Confusing Sets and Lists

Optimisation is rarely free: often point improvements incur costs elsewhere. Sometimes we try to optimise away the constraints we observe, without questioning our underlying assumptions. I have often seen the roles of lists and sets confused. An application can be brought to its knees – that is, cease to deliver commercial value – if List.contains is called frequently enough on big enough lists. And then there is the workaround…

When I moved over to Java from C++ several years ago, it seemed utterly crazy that there was even a Collection interface – exactly what Scott Meier’s Effective STL said not to do. I still think it’s crazy. Sets and lists cannot be substituted, and when you add up the marginal costs, as well as the costs of any compensatory workarounds, confusing them is responsible for a lot of performance bugs. As an application developer, it is part of your job to choose. Here are a few simple examples of when to use each collection type.


Is an element in the collection?

Never ever do this with a List. This operation is often referred to as being \mathcal{O}(n). Which means in your worst case will touch every element in the list (technically, at least once). You have a choice between HashSet and a TreeSet, and both have costs and benefits.

If you choose a HashSet, your best case is \mathcal{O}(1): you evaluate a hash code, take its modulus with respect to the size of an array, and look up a bucket containing only one element. The worst case occurs with a degenerate hash code which maps all elements to the same bucket. This is again \mathcal{O}(n): you probe a linked list testing each element for equality. On average you get something between these two cases and it depends on the uniformity of your hash code implementation.

If you choose a TreeSet you get a worst case \mathcal{O}(\log n): this is effectively just a binary search through the nodes in a red black tree. Performance is limited by the cost of the comparator, and suffers systematically from cache misses for large sets (like any kind of pointer chasing, branch prediction and prefetching is difficult if not impossible).
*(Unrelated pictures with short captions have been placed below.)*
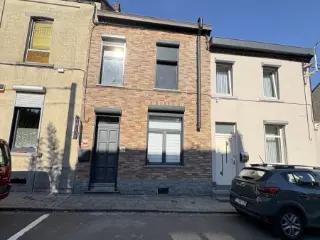 Maison à vendre Courcelles (VBD22350)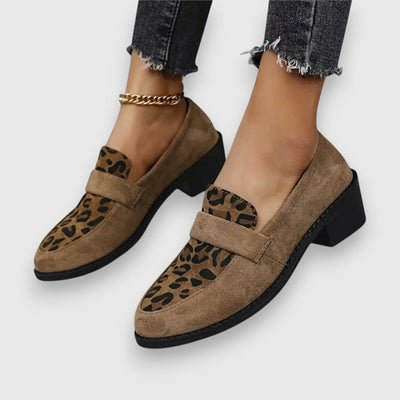 Nala | Cozy Everyday Loafers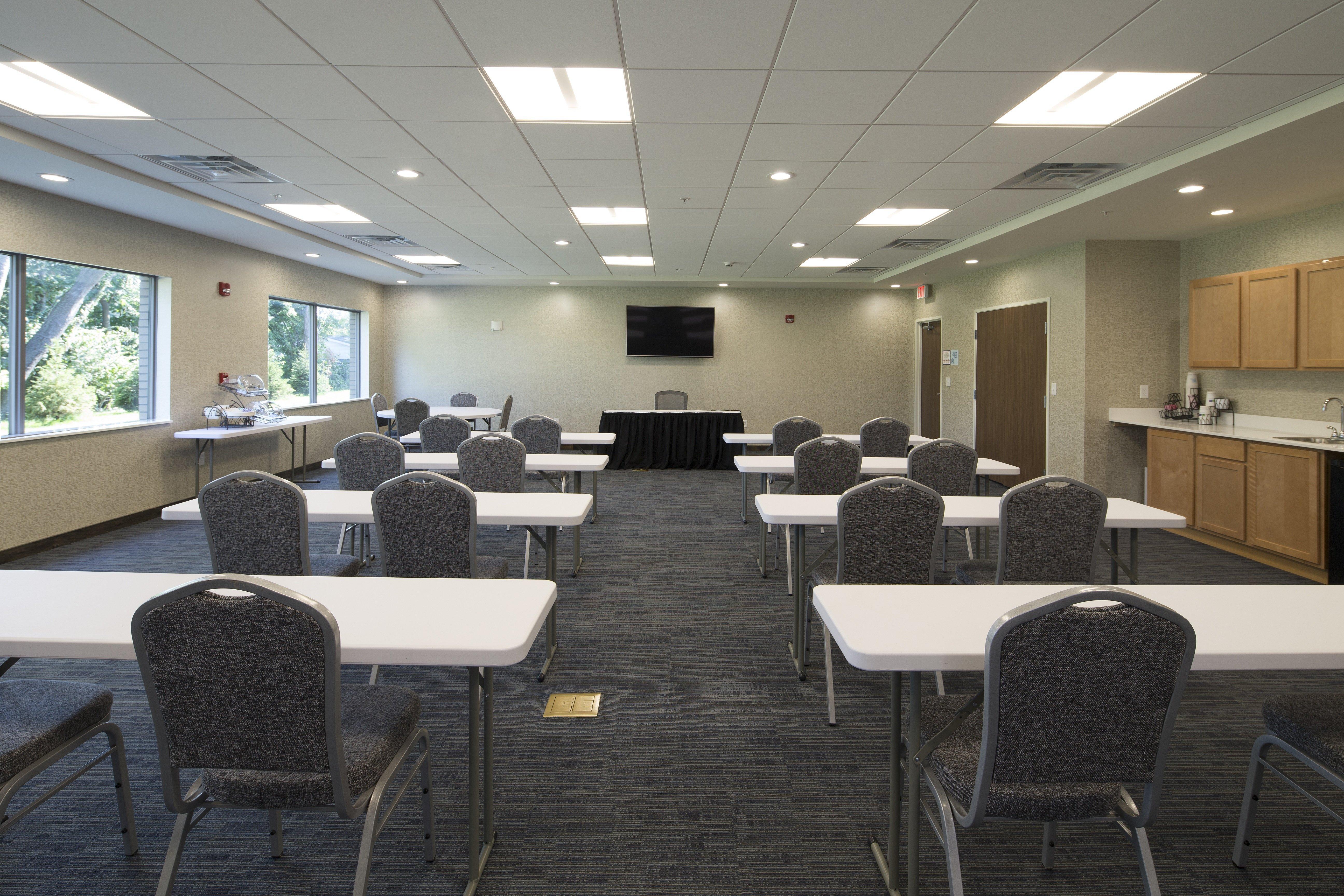Holiday Inn Express & Suites - Michigan City By Ihg Экстерьер фото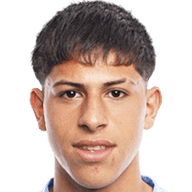 Lautaro Pereyra
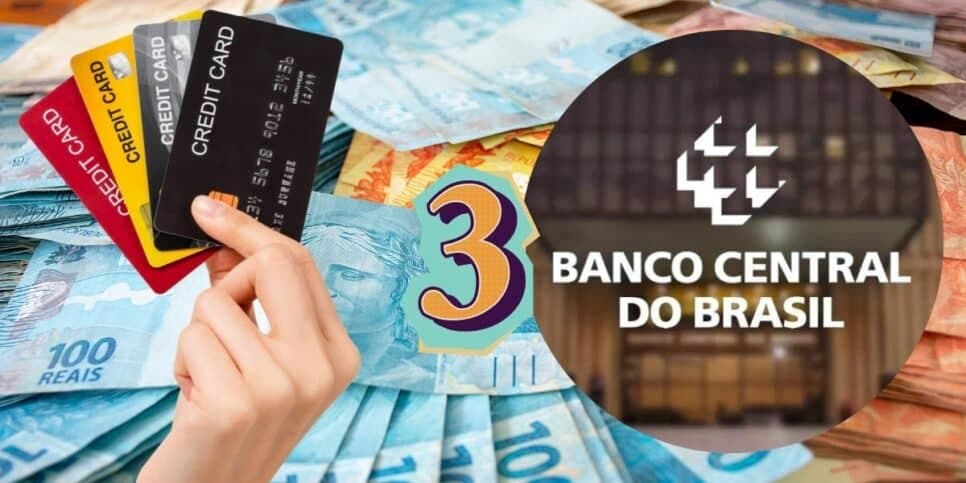 Dinheiro físico, cartão de crédito e cédula popular: Fim de 3 populares é armado pelo Banco Central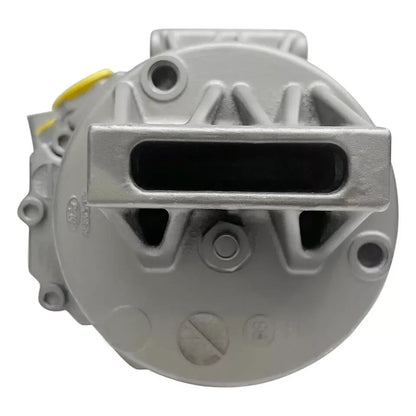 AC Compressor Kit With Condenser for Ford Fusion 3.5L V6 (2010–2012)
If you’re working with numbers, and small to medium collections, a sorted primitive array may be the best approach, so long as it fits in cache. If you’re working with integers, you can do this in constant time in the worst case by using a BitSet.


What is the value of the element at a given index with respect to a sort order?

This is an obvious use case for a List: it’s \mathcal{O}(1) – this is just a lookup at an array offset.

You couldn’t even write the code with a HashSet without copying the data into an intermediate ordered structure, at which point you would probably think again. You see this sort of thing done in code written by inexpensive programmers at large outsourcing consultancies, who were perhaps just under unreasonable pressure to deliver to arbitrary deadlines.

SortedSet, and anything conceptually similar, is the wrong data structure for this operation. The only way to compute this is \mathcal{O}(n): you iterate through the set incrementing a counter until you reach the index, and then return the element you’ve iterated to. If you reach the end of the set, you throw. If you do this a lot, you’ll notice.


How many predecessors does an element have with respect to a sort order?

Another classic operation for List, so long as you keep it sorted. Use Collections.binarySearch to find the index of the element in the collection with complexity \mathcal{O}(\log n). This is its rank. If you can get away with it, primitive arrays will be much better here, especially if they are small enough to fit in cache.

Once again, there are creativity points available for the solution involving a HashSet, and they do exist in the wild, but a clean looking solution is at least possible with a SortedSet. However, it involves an iteration with another check against an incrementing counter. It’s \mathcal{O}(n) and if you do it a lot, you’ll blow your performance profile, so use a sorted list instead.

What if you had the source code?

Is this fundamental or just a limitation of the Collections framework? Maybe if you had the source code you could just make these data structures optimal for every use case, without having to choose the right one? Not without creating a Frankenstein, and not without a lot of memory. Optimisation isn’t free.